I need to write a Go script that will open a big CSV file, and create new, separate CSVs based on the value of the first element of each line.
The CSV file looks like this:
"country", "otherfield", "otherfield1", "otherfield2", "etc"
"AT", "otherfield", "otherfield1", "otherfield2", "etc"
"AT", "otherfield", "otherfield1", "otherfield2", "etc"
"DE", "otherfield", "otherfield1", "otherfield2", "etc"
"DE", "otherfield", "otherfield1", "otherfield2", "etc"
So, what I am trying to do is creating a file with the first field's value (e.g. AT.csv
), containing all the lines that start with that value.
The following is the script that I have written so far:
package main
import (
"encoding/csv"
"fmt"
"os"
)
func main() {
// contentCreated := make(chan map[string]string)
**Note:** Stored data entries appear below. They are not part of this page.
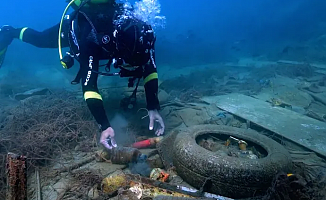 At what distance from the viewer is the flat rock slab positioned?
4.64 m

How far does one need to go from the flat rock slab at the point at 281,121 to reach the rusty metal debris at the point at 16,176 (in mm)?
4721

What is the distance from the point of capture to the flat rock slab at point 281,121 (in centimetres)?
464

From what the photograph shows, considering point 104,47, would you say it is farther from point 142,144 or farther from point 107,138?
point 142,144

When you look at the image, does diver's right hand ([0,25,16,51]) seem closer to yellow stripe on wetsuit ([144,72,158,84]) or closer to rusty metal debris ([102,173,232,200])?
yellow stripe on wetsuit ([144,72,158,84])

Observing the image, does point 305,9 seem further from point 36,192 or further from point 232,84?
point 36,192

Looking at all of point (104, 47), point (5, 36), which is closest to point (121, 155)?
point (104, 47)

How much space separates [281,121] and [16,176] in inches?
222

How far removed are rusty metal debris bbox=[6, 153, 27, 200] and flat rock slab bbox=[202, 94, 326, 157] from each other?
186 inches

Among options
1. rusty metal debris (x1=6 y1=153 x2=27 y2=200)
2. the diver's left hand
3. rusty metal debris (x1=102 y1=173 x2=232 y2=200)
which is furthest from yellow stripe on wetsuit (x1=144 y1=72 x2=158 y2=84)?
rusty metal debris (x1=6 y1=153 x2=27 y2=200)

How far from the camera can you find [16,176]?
1232 millimetres

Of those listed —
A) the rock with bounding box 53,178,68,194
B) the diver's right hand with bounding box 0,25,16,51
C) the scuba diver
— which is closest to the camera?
the rock with bounding box 53,178,68,194

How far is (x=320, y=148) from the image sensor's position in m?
4.33

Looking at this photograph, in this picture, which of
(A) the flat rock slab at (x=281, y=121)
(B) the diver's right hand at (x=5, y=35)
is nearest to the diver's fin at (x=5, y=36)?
(B) the diver's right hand at (x=5, y=35)

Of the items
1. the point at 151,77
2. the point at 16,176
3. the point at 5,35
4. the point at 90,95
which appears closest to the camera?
the point at 16,176
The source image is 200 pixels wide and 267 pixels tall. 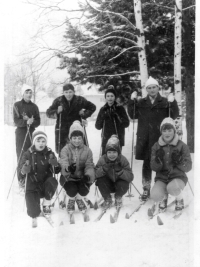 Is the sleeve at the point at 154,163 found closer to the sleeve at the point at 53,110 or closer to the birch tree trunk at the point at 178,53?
the birch tree trunk at the point at 178,53

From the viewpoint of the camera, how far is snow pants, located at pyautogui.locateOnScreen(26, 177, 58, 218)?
337 centimetres

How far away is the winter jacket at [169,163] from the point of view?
3480 millimetres

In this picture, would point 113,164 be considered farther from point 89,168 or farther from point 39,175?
point 39,175

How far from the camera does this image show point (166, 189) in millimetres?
3529

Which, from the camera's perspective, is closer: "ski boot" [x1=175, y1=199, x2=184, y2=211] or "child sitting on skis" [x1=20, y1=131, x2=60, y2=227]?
"child sitting on skis" [x1=20, y1=131, x2=60, y2=227]

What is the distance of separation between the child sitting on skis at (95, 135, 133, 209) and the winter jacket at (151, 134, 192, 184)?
0.34 metres

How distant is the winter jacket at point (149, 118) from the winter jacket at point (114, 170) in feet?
1.03

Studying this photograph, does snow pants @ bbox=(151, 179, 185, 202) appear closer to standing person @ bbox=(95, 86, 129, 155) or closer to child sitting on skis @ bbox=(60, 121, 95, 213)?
child sitting on skis @ bbox=(60, 121, 95, 213)

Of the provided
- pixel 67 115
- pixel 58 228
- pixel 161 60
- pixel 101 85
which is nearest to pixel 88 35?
pixel 101 85

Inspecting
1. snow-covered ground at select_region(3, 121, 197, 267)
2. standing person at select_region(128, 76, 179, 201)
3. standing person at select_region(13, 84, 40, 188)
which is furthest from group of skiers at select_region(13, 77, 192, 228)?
standing person at select_region(13, 84, 40, 188)

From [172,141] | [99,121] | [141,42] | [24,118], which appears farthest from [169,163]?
[141,42]

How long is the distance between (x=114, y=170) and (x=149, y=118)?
31.1 inches

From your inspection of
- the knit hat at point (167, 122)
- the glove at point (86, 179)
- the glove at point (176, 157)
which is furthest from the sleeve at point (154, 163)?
the glove at point (86, 179)

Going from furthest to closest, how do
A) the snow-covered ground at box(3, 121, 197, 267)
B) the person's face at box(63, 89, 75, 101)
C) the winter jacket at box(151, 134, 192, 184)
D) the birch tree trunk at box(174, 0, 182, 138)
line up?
1. the birch tree trunk at box(174, 0, 182, 138)
2. the person's face at box(63, 89, 75, 101)
3. the winter jacket at box(151, 134, 192, 184)
4. the snow-covered ground at box(3, 121, 197, 267) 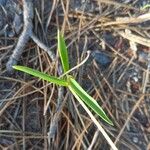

createContent("union_exp.csv")
}
func createContent(csvfilename string) {
keys := ""
content := make(map[string]string)
csvfile, err := os.Open(csvfilename)
if err != nil {
fmt.Println(err)
}
defer csvfile.Close()
reader := csv.NewReader(csvfile)
reader.FieldsPerRecord = -1
rawCSVdata, err := reader.ReadAll()
if err != nil {
fmt.Println(err)
os.Exit(1)
}
for i, each := range rawCSVdata {
if i == 0 {
keys = "\"" + each[0] + "\",\"" + each[1] + "\",\"" + each[2] + "\",\"" + each[3] + "\",\"" + each[4] + "\"
"
} else {
stringtoadd := "\"" + each[0] + "\",\"" + each[1] + "\",\"" + each[2] + "\",\"" + each[3] + "\",\"" + each[4] + "\"
"
if i%10000 == 0 {
fmt.Println(i)
}
exists := Exists(content, each[0])
if !exists {
content[each[0]] = keys
}
content[each[0]] += stringtoadd
createFile(each[0], content[each[0]])
}
}
}
func createFile(name, content string) {
f, _ := os.Create(name + ".csv")
f.WriteString(content)
f.Close()
}
func Exists(content map[string]string, name string) bool {
_, exists := content[name]
return exists
}
The problem I am having at the moment is that the performances are quite slow. I even have a similar script written in PHP which is executing the same operation way faster than this. And that obviously makes me think that there must be something wrong with my Go script.
Can someone help me to understand what is wrong with it?
Thank you!